Yan Gu, Carnegie Mellon University; Yong He, Carnegie Mellon University; Kayvon Fatahalian, Carnegie Mellon University; Guy Blelloch, Carnegie Mellon University

This work extends the agglomerative clustering described in Bruce Walter et al’s 2008 paper Fast Agglomerative Clustering for Rendering to improve performance by exposing additional parallelism. The parallelism comes from partitioning the primitives to allow multiple instances of the agglomeration to run in their own local partition. This provides a greater win at the lower level where most of the time is typically spent. The sizing of the partitions and number of clusters in each partition leads to a parameters that can be tweaked to provide choices between speed and quality.

Fast Parallel Construction of High-Quality Bounding Volume Hierarchies Slides Page
Tero Karras, NVIDIA; Timo Aila, NVIDIA

This presentation started with the idea of effective performance, based on the number of rays traced per unit rendering time, but rendering time includes the time to build your bounding volume hierarchy as well as the time to intersect rays with that hierarchy, so you need to balance speed and quality of the BVH. This work takes the idea of building a fast low quality BVH (from the same presenter at last year’s HPG – Maximizing Parallelism in the Construction of BVHs, Octrees, and kd Trees) and then improving the BVH by optimizing treelets, subtrees of internal nodes. Perfect optimization of these treelets is NP-hard based on the size of the treelets so instead they iterate 3 times on treelets with a maximum size of 7 nodes – which actually has 10K possible layouts! This gives a good balance between performance and diminishing returns. The presentation also covers a practical implementation of splitting triangles with bounding boxes that are a poor approximation to the underlying triangle.

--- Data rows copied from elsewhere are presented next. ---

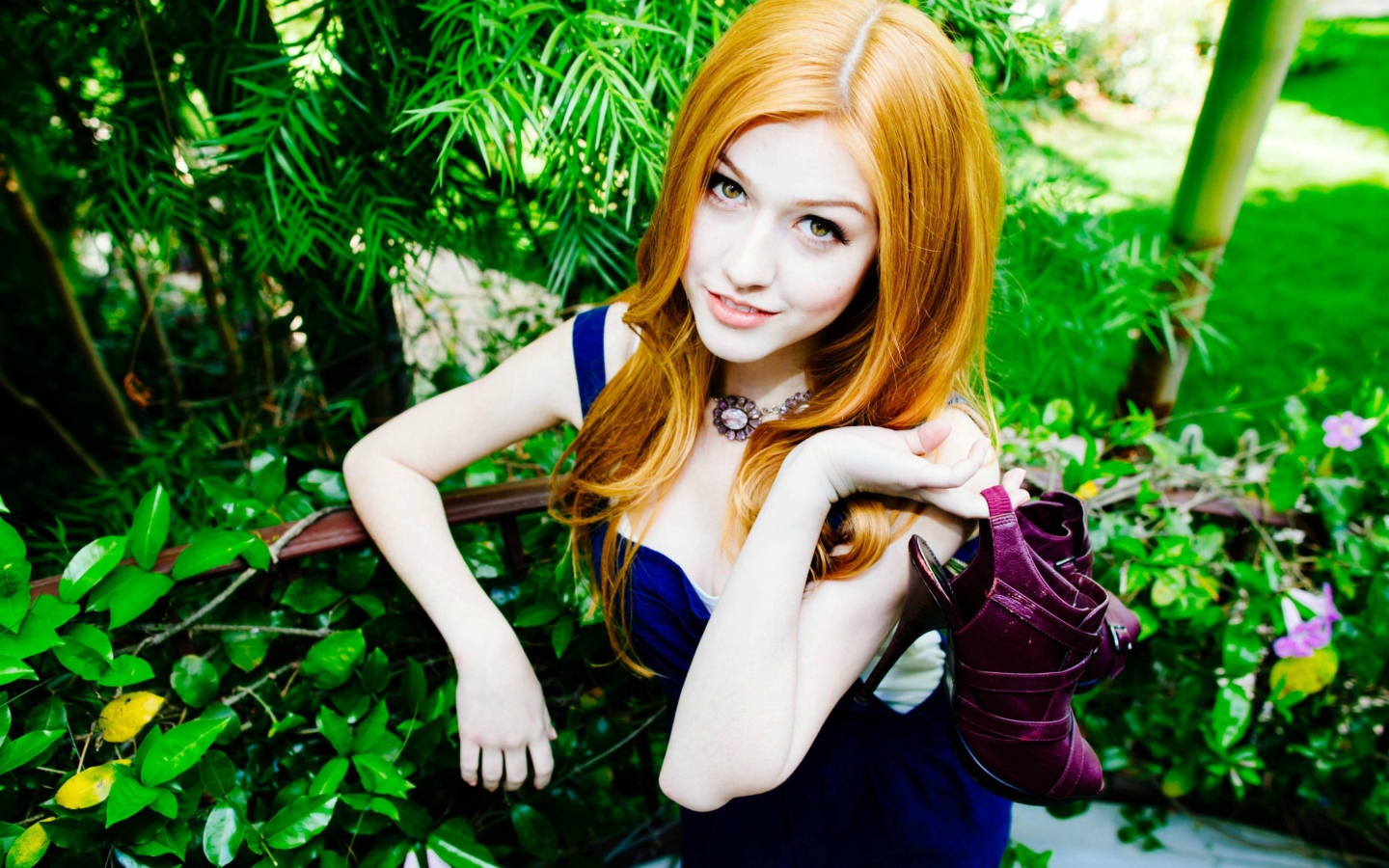 Рыжеволосая девушка, актриса Кэтрин Макнамара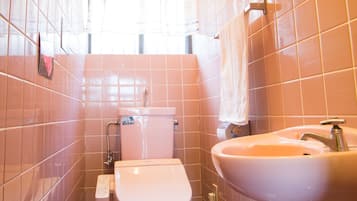 独立别墅, 无烟房 (Private Vacation Home) | 浴室 | 独立的浴缸和淋浴、免费洗浴用品、吹风机、拖鞋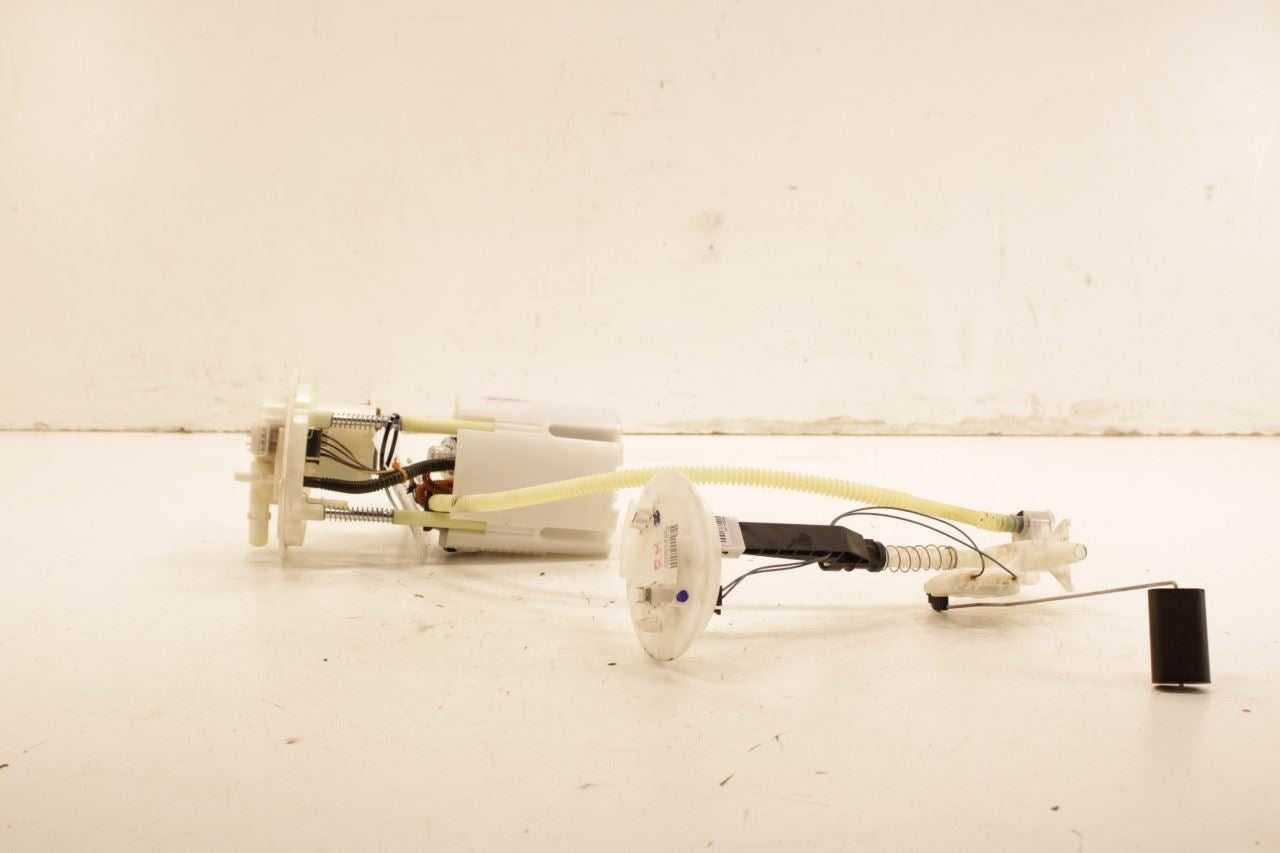 2015-2020 Jeep Cherokee Latitude 3.2L 4WD In Tank Fuel Pump Assembly 68109894AC - Alshned Auto Parts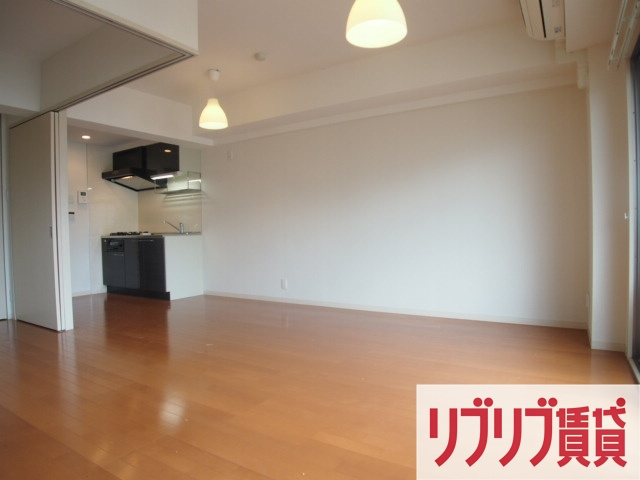 セザン新町の居間・リビング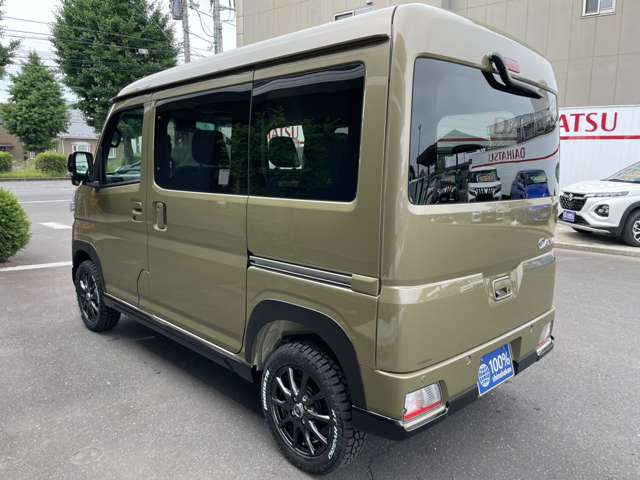 Daihatsu Atrai 7
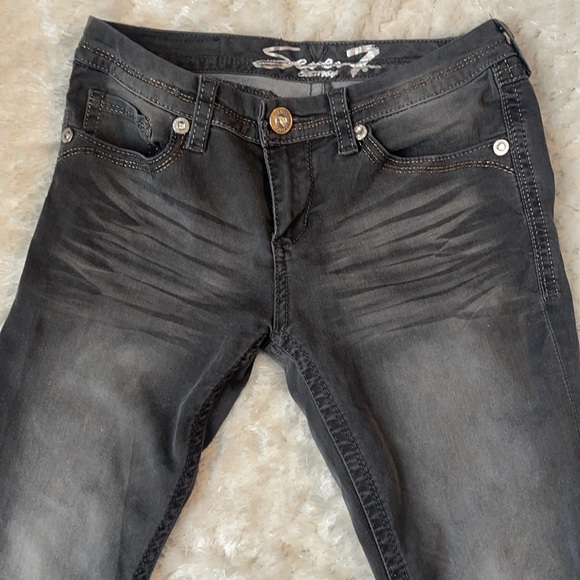 Seven7 Rocker Bootcut Rhinestone Jeans - Picture 8 of 10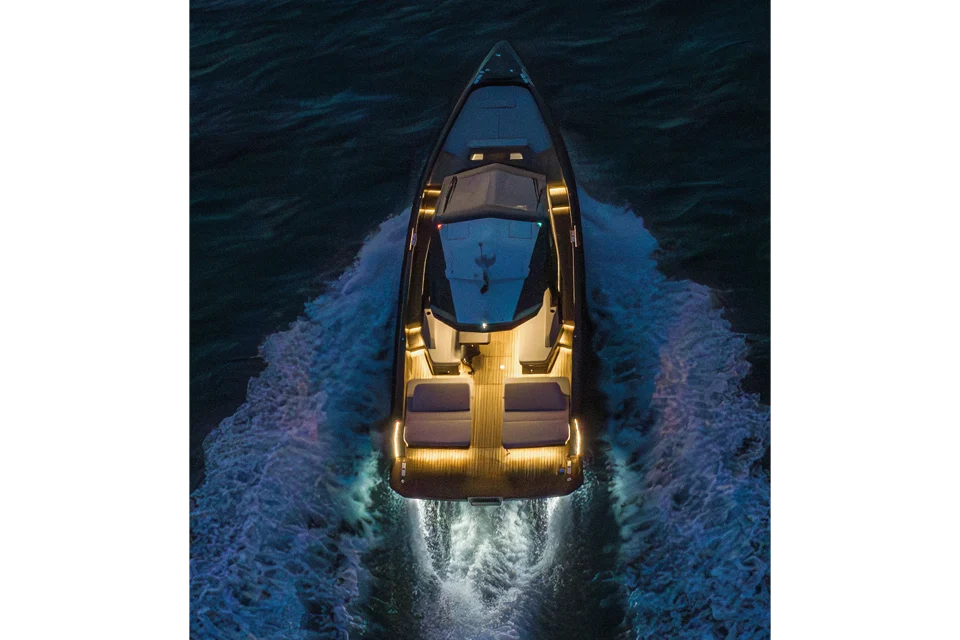 Yacht image 17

On Quality Metrics of Bounding Volume Hierarchies Slides Page
Timo Aila, NVIDIA; Tero Karras, NVIDIA; Samuli Laine, NVIDIA

This presentation started with an overview of the Surface Area Heuristic (SAH), which gives great results despite the questionable assumptions on which it rests. To check how well the SAH actually correlates with performance, they tested multiple top-down BVH builders and calculated how the surface area heuristic predicted the ray intersection performance of the BVH from the builder for multiple scenes. A lot of the results correlated well, but the San Miguel and Hairball scenes typically showed a loss of correlation which indicated that maybe SAH doesn’t give a complete picture of performance. Reconsidering the work done in ray tracing, an additional End Point Overlap metric was introduced for handling the points at each end of the ray which appears to improve the correlation. This was then further supplemented with another possible contribution to the cost, leaf variability, which was introduced to account for how the resulting BVH affects SIMD traversal. This paper reminded me of the Power Efficiency for Software Algorithms running on Graphics Processors paper from the previous year, leading us to question the basis for how we evaluate our work.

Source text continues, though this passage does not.